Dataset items
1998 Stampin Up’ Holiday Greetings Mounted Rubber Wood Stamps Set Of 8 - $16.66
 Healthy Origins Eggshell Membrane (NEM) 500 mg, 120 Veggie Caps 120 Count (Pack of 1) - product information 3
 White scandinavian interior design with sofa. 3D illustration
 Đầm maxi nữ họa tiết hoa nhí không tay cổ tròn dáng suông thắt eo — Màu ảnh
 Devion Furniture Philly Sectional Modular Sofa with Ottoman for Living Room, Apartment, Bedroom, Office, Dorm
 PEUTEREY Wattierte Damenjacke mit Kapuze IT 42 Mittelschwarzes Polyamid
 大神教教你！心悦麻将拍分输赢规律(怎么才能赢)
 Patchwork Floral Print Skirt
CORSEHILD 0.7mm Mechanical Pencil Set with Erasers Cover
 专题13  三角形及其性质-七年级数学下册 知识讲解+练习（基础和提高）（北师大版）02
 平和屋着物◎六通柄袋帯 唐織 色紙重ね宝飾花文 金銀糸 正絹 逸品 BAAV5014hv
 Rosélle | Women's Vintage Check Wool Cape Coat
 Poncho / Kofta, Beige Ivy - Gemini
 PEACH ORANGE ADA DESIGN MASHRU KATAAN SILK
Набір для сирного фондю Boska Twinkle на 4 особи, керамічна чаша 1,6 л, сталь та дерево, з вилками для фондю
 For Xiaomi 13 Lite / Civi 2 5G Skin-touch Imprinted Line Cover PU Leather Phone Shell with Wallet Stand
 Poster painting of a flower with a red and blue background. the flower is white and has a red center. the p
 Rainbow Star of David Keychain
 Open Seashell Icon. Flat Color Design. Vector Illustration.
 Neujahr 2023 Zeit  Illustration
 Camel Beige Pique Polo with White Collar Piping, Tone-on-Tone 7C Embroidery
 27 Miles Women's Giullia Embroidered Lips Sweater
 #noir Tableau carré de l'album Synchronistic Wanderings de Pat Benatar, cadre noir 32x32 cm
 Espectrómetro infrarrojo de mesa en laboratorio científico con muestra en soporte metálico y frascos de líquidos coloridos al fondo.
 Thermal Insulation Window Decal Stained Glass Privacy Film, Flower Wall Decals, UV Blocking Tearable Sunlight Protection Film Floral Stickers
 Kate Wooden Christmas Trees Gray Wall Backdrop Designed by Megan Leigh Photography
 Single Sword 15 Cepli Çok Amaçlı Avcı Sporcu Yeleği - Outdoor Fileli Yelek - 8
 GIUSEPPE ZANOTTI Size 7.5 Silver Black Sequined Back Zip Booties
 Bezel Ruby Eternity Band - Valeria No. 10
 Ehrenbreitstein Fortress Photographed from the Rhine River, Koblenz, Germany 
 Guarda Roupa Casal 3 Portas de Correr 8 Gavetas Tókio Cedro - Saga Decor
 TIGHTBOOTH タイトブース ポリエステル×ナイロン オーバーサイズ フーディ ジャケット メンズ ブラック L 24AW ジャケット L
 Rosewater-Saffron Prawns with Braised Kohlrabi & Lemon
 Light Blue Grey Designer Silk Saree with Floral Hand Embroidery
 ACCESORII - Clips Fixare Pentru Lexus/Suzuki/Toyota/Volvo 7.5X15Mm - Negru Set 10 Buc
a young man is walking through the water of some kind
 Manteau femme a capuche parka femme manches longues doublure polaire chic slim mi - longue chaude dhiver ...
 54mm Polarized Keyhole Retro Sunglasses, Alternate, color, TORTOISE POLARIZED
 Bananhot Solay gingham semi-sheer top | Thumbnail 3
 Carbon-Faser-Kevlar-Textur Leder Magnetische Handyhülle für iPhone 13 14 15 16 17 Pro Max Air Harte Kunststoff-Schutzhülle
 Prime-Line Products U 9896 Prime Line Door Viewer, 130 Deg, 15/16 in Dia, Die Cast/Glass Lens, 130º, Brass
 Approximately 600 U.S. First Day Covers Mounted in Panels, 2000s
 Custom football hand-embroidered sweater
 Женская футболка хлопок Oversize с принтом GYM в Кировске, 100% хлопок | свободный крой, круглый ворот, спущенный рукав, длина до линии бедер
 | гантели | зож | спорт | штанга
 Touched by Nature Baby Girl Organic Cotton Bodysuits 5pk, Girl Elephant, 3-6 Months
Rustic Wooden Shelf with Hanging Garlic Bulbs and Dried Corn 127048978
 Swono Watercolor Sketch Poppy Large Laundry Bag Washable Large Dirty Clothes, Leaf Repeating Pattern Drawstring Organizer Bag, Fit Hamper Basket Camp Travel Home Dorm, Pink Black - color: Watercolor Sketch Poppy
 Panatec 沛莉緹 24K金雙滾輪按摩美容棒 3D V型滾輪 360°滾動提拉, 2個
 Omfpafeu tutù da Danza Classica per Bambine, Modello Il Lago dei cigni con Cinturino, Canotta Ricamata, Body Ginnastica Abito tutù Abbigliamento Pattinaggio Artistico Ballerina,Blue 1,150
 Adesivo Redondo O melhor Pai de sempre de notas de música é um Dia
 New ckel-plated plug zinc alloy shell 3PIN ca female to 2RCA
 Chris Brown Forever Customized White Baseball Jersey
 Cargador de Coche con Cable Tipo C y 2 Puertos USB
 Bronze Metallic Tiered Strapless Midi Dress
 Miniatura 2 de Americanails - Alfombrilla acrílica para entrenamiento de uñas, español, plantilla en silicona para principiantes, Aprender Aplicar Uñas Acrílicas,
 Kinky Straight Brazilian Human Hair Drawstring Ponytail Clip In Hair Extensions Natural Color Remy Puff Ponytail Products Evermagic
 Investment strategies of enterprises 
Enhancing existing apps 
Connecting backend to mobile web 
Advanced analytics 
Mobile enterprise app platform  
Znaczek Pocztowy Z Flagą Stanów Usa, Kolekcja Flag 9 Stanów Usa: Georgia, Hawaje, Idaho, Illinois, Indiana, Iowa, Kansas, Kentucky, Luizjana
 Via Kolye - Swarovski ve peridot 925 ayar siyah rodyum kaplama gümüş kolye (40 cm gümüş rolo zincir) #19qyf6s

• [DESCRIPTION OF THE TASK]: Copy the records above exactly.

• [RESULT OF THE TASK]:
1998 Stampin Up’ Holiday Greetings Mounted Rubber Wood Stamps Set Of 8 - $16.66
 Healthy Origins Eggshell Membrane (NEM) 500 mg, 120 Veggie Caps 120 Count (Pack of 1) - product information 3
 White scandinavian interior design with sofa. 3D illustration
 Đầm maxi nữ họa tiết hoa nhí không tay cổ tròn dáng suông thắt eo — Màu ảnh
 Devion Furniture Philly Sectional Modular Sofa with Ottoman for Living Room, Apartment, Bedroom, Office, Dorm
 PEUTEREY Wattierte Damenjacke mit Kapuze IT 42 Mittelschwarzes Polyamid
 大神教教你！心悦麻将拍分输赢规律(怎么才能赢)
 Patchwork Floral Print Skirt
CORSEHILD 0.7mm Mechanical Pencil Set with Erasers Cover
 专题13  三角形及其性质-七年级数学下册 知识讲解+练习（基础和提高）（北师大版）02
 平和屋着物◎六通柄袋帯 唐織 色紙重ね宝飾花文 金銀糸 正絹 逸品 BAAV5014hv
 Rosélle | Women's Vintage Check Wool Cape Coat
 Poncho / Kofta, Beige Ivy - Gemini
 PEACH ORANGE ADA DESIGN MASHRU KATAAN SILK
Набір для сирного фондю Boska Twinkle на 4 особи, керамічна чаша 1,6 л, сталь та дерево, з вилками для фондю
 For Xiaomi 13 Lite / Civi 2 5G Skin-touch Imprinted Line Cover PU Leather Phone Shell with Wallet Stand
 Poster painting of a flower with a red and blue background. the flower is white and has a red center. the p
 Rainbow Star of David Keychain
 Open Seashell Icon. Flat Color Design. Vector Illustration.
 Neujahr 2023 Zeit  Illustration
 Camel Beige Pique Polo with White Collar Piping, Tone-on-Tone 7C Embroidery
 27 Miles Women's Giullia Embroidered Lips Sweater
 #noir Tableau carré de l'album Synchronistic Wanderings de Pat Benatar, cadre noir 32x32 cm
 Espectrómetro infrarrojo de mesa en laboratorio científico con muestra en soporte metálico y frascos de líquidos coloridos al fondo.
 Thermal Insulation Window Decal Stained Glass Privacy Film, Flower Wall Decals, UV Blocking Tearable Sunlight Protection Film Floral Stickers
 Kate Wooden Christmas Trees Gray Wall Backdrop Designed by Megan Leigh Photography
 Single Sword 15 Cepli Çok Amaçlı Avcı Sporcu Yeleği - Outdoor Fileli Yelek - 8
 GIUSEPPE ZANOTTI Size 7.5 Silver Black Sequined Back Zip Booties
 Bezel Ruby Eternity Band - Valeria No. 10
 Ehrenbreitstein Fortress Photographed from the Rhine River, Koblenz, Germany 
 Guarda Roupa Casal 3 Portas de Correr 8 Gavetas Tókio Cedro - Saga Decor
 TIGHTBOOTH タイトブース ポリエステル×ナイロン オーバーサイズ フーディ ジャケット メンズ ブラック L 24AW ジャケット L
 Rosewater-Saffron Prawns with Braised Kohlrabi & Lemon
 Light Blue Grey Designer Silk Saree with Floral Hand Embroidery
 ACCESORII - Clips Fixare Pentru Lexus/Suzuki/Toyota/Volvo 7.5X15Mm - Negru Set 10 Buc
a young man is walking through the water of some kind
 Manteau femme a capuche parka femme manches longues doublure polaire chic slim mi - longue chaude dhiver ...
 54mm Polarized Keyhole Retro Sunglasses, Alternate, color, TORTOISE POLARIZED
 Bananhot Solay gingham semi-sheer top | Thumbnail 3
 Carbon-Faser-Kevlar-Textur Leder Magnetische Handyhülle für iPhone 13 14 15 16 17 Pro Max Air Harte Kunststoff-Schutzhülle
 Prime-Line Products U 9896 Prime Line Door Viewer, 130 Deg, 15/16 in Dia, Die Cast/Glass Lens, 130º, Brass
 Approximately 600 U.S. First Day Covers Mounted in Panels, 2000s
 Custom football hand-embroidered sweater
 Женская футболка хлопок Oversize с принтом GYM в Кировске, 100% хлопок | свободный крой, круглый ворот, спущенный рукав, длина до линии бедер
 | гантели | зож | спорт | штанга
 Touched by Nature Baby Girl Organic Cotton Bodysuits 5pk, Girl Elephant, 3-6 Months
Rustic Wooden Shelf with Hanging Garlic Bulbs and Dried Corn 127048978
 Swono Watercolor Sketch Poppy Large Laundry Bag Washable Large Dirty Clothes, Leaf Repeating Pattern Drawstring Organizer Bag, Fit Hamper Basket Camp Travel Home Dorm, Pink Black - color: Watercolor Sketch Poppy
 Panatec 沛莉緹 24K金雙滾輪按摩美容棒 3D V型滾輪 360°滾動提拉, 2個
 Omfpafeu tutù da Danza Classica per Bambine, Modello Il Lago dei cigni con Cinturino, Canotta Ricamata, Body Ginnastica Abito tutù Abbigliamento Pattinaggio Artistico Ballerina,Blue 1,150
 Adesivo Redondo O melhor Pai de sempre de notas de música é um Dia
 New ckel-plated plug zinc alloy shell 3PIN ca female to 2RCA
 Chris Brown Forever Customized White Baseball Jersey
 Cargador de Coche con Cable Tipo C y 2 Puertos USB
 Bronze Metallic Tiered Strapless Midi Dress
 Miniatura 2 de Americanails - Alfombrilla acrílica para entrenamiento de uñas, español, plantilla en silicona para principiantes, Aprender Aplicar Uñas Acrílicas,
 Kinky Straight Brazilian Human Hair Drawstring Ponytail Clip In Hair Extensions Natural Color Remy Puff Ponytail Products Evermagic
 Investment strategies of enterprises 
Enhancing existing apps 
Connecting backend to mobile web 
Advanced analytics 
Mobile enterprise app platform  
Znaczek Pocztowy Z Flagą Stanów Usa, Kolekcja Flag 9 Stanów Usa: Georgia, Hawaje, Idaho, Illinois, Indiana, Iowa, Kansas, Kentucky, Luizjana
 Via Kolye - Swarovski ve peridot 925 ayar siyah rodyum kaplama gümüş kolye (40 cm gümüş rolo zincir) #19qyf6s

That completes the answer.